In 2020, Lois Keidan accelerated her plan to step aside as Director amid calls for racial justice and equity in the sector and in 2021 artists Barak adé Soleil and Chinasa Vivian Ezugha were appointed as co-directors following an international recruitment process. In 2023, a period of organisational instability led to LADA's suspension from Arts Council England's National Portfolio. A new Board of Trustees was appointed, along with interim director Ria Righteous. In 2024, Mary Osborn was appointed as LADA's new director.

== Activities ==
LADA has been producing events, opportunities, resources and publications.

It hosts the Live Art Research Collection, the world’s largest collection of research materials on Live Art, with over 8,000 items ranging from theoretical texts to DVDs, videos, CDs and digital files of performance documents and documentation.
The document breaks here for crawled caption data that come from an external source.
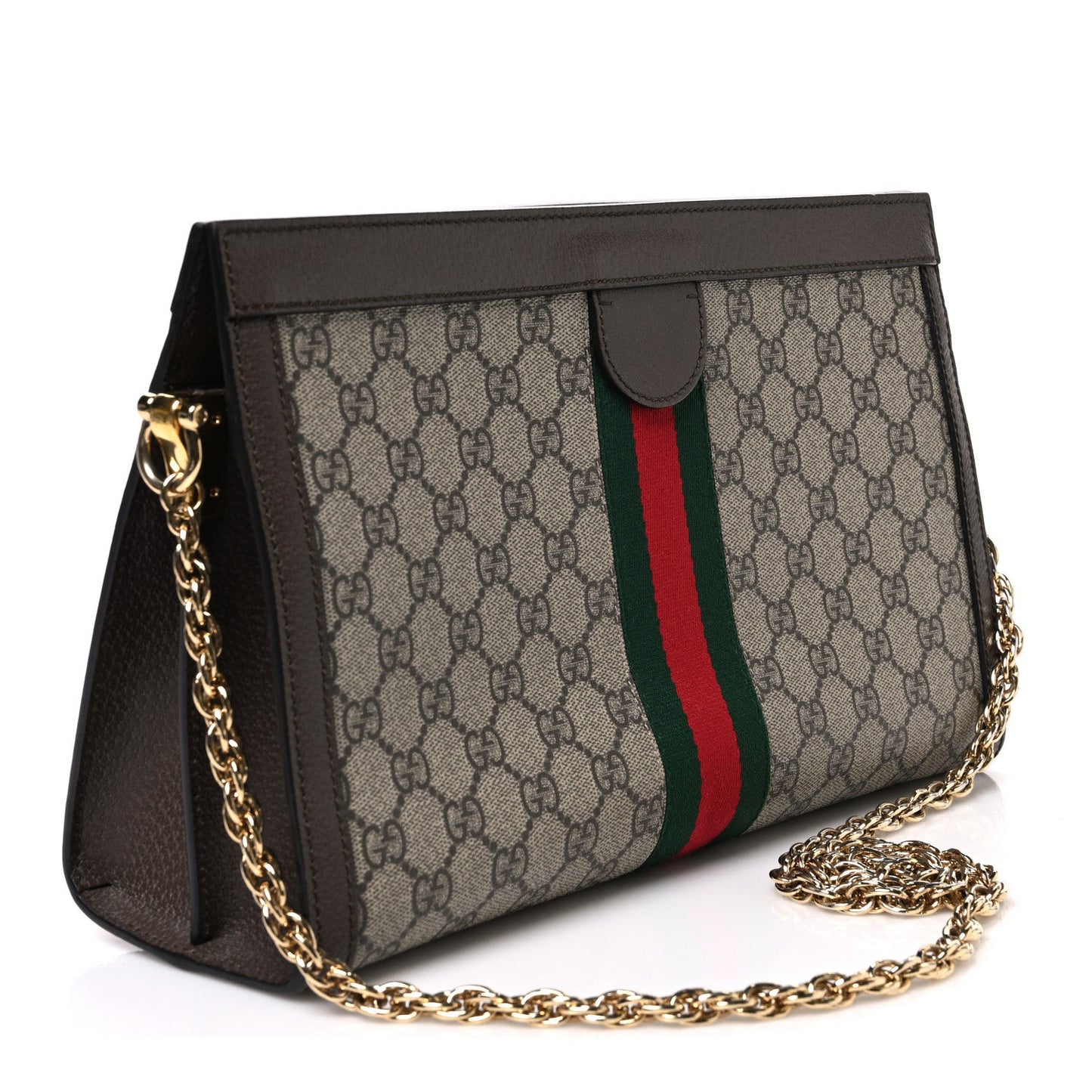 GG Supreme Monogram Web Medium Ophidia Chain Shoulder Bag Brown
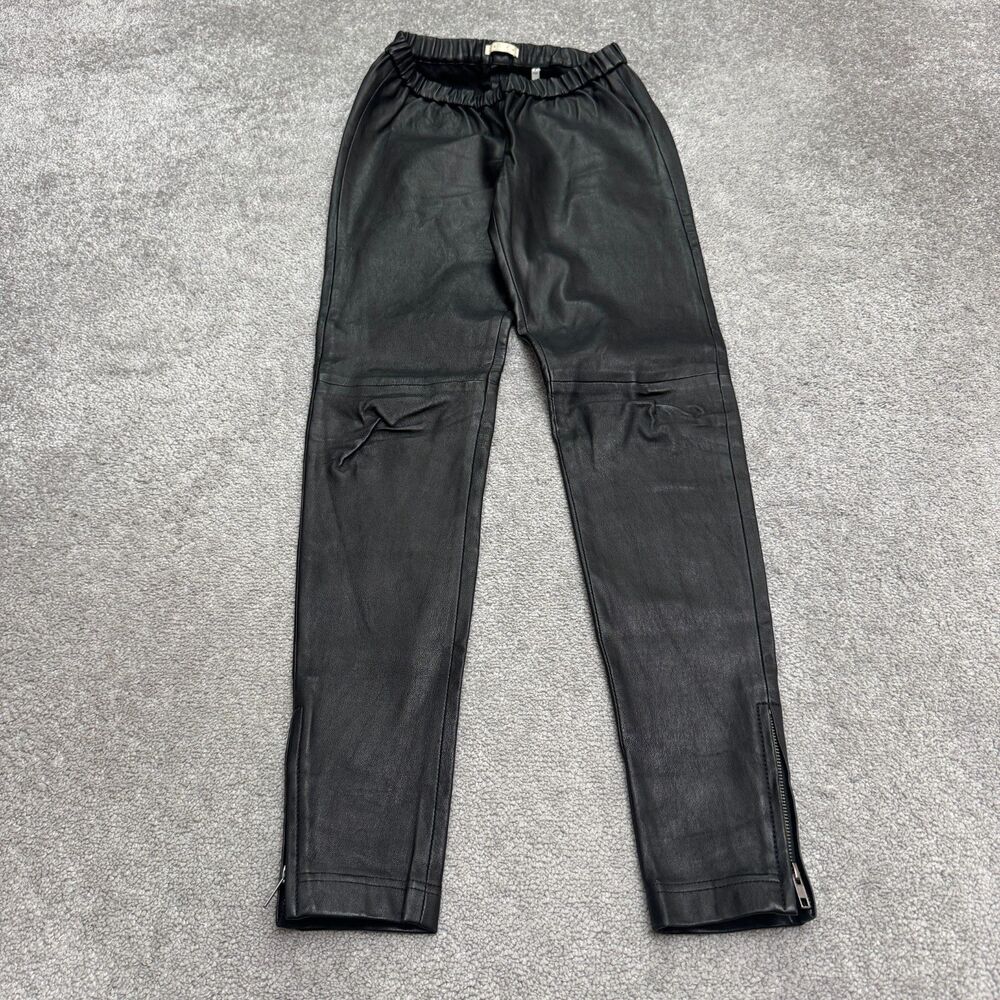 Leith Skinny Leggings Women Small Black Genuine Leather Elastic Waist Ankle Zip
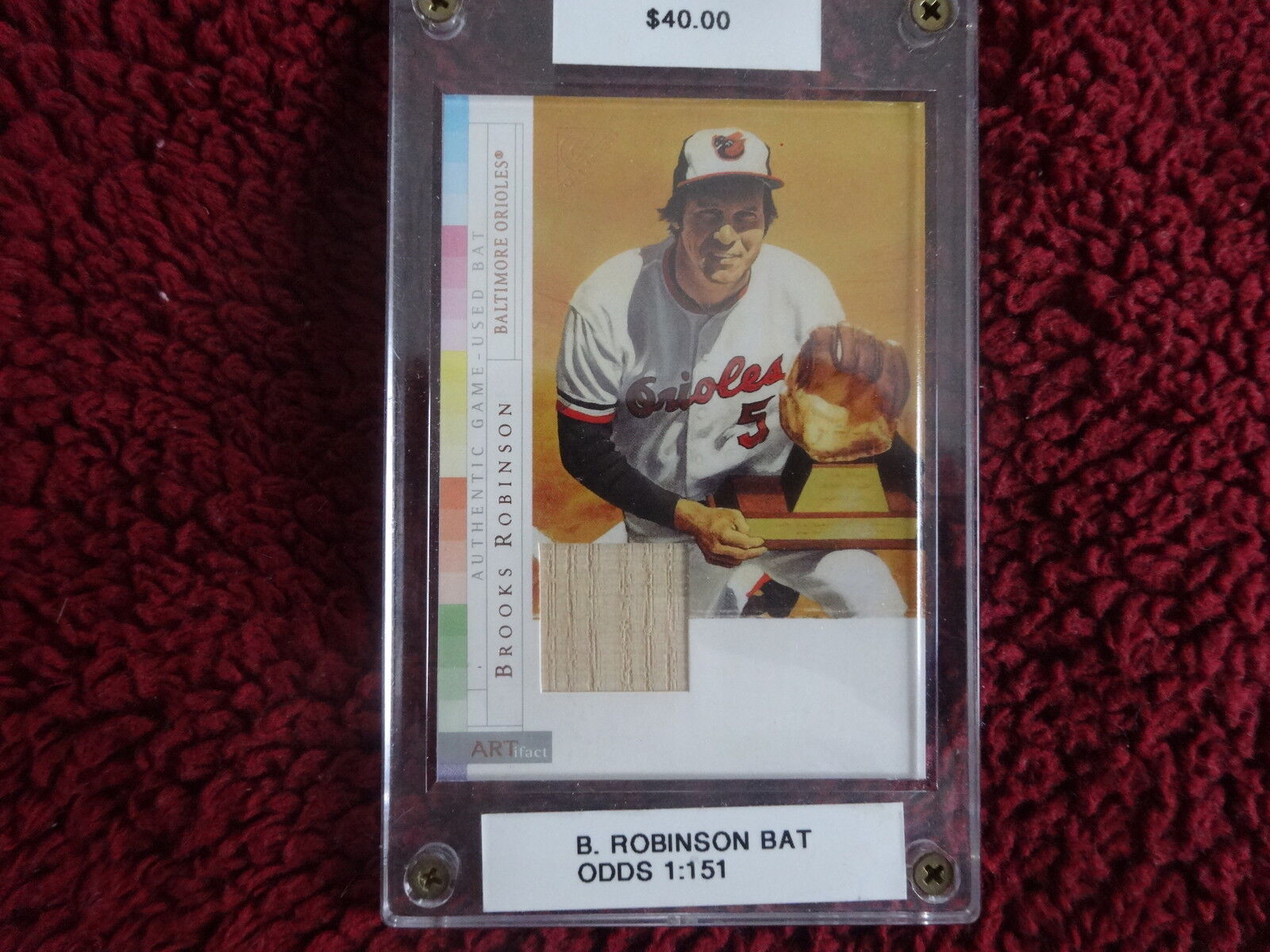 2003 BROOKS ROBINSON AUTHENTIC GAME USED BAT CARD TOPPS BALTIMORE ORIOLES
It was described by The Independent as one of the UK's 50 best museums and galleries.

LADA is responsible for funding and co-ordinating Live Art UK, a national network of organisations and venues that support and develop Live Art infrastructures.

== Selected Projects ==
- Live Culture (2003), event at Tate Modern which included performances from Franko B, Forced Entertainment, La Pocha Nostra and a lecture by Marina Abramović.
- Restock, Rethink, Reflect (2006-2021), a series of initiatives for and about artists whose work engages with issues of identity politics and cultural diversity.
- Performing Rights (2006-2014), a programme of events relating to the intersections of performance and human rights.
- Performance Matters (2009-2012), AHRC-funded research project considering the cultural value of Live Art.
- Access All Areas (2011), a two-day public programme reflecting the ways in which artists who work with Live Art have engaged with, represented, and problematised issues of disability.
- Diverse Actions Leadership Bursaries (2017-2019), an initiative supporting a new generation of leaders from culturally diverse backgrounds.
- The Katherine Araniello Bursary Awards (2020), for early career artists who work in Live Art and identify as disabled, established to honour the legacy of Katherine Araniello.

==Publications==
LADA has published and co-published a number of titles relating to Live Art:

- Exposures (2002), edited by Manuel Vason, Lois Keidan, and Ron Athey, published by Black Dog Publishing in association with LADA.
- Perform Repeat Record (2012), edited by Adrian Heathfield and Amelia Jones, co-published with Intellect.
- Throwing the Body into the Fight: A Portrait of Raimund Hoghe (2013), edited by Mary Kate Connolly, co-published with Intellect.
- Out of Now: The Lifeworks of Tehching Hsieh (2015), edited by Adrian Heathfield, co-published with MIT Press.
- Pleading in the Blood: The Art and Performances of Ron Athey (2015), edited by Dominic Johnson, co-published with Intellect.
- It's All Allowed: The Performances of Adrian Howells (2016), edited by Deirdre Heddon and Dominic Johnson, co-published with Intellect.
- The Only Way Home Is Through the Show: Performance Work of Lois Weaver (2016), edited by Lois Weaver and Jen Harvie, co-published with Intellect.
- Kira O'Reilly: Untitled (Bodies) (2018), edited by Harriet Curtis and Martin Hargreaves, co-published with Intellect.
- Anne Bean: Self Etc (2019) edited by Rob La Frenais.
- Joshua Sofaer: Performance | Objects | Participation (2020), edited by Roberta Mock and Mary Paterson, co-published with Intellect.
- The Live Art Almanacs, Volumes 1-6, international collections of ‘found writing’ about and around Live Art.

==Patrons==
LADA has a board of Patrons composed of established artists who have contributed significantly to the development of Live Art. They are: Marina Abramović, Ron Athey, Neil Bartlett, Anne Bean, Sonia Boyce, Tim Etchells, Guillermo Gómez-Peña, Tehching Hsieh, Isaac Julien, La Ribot, Lois Weaver.

LADA's initial list of patrons included the artist Raimund Hoghe, who died in 2021.

==Key reading==
- Live Art Development Agency and Live Art UK, eds. 2010. In Time: A Collection of Live Art Case Studies. London: Live Art Development Agency.
- Schmidt, Theron, ed. 2019. AGENCY: A Partial History of Live Art. Bristol: Intellect Books.
- Chatzichristodoulou, Maria, ed. 2020. Live Art in the UK: Contemporary Performances of Precarity. London: Methuen Drama.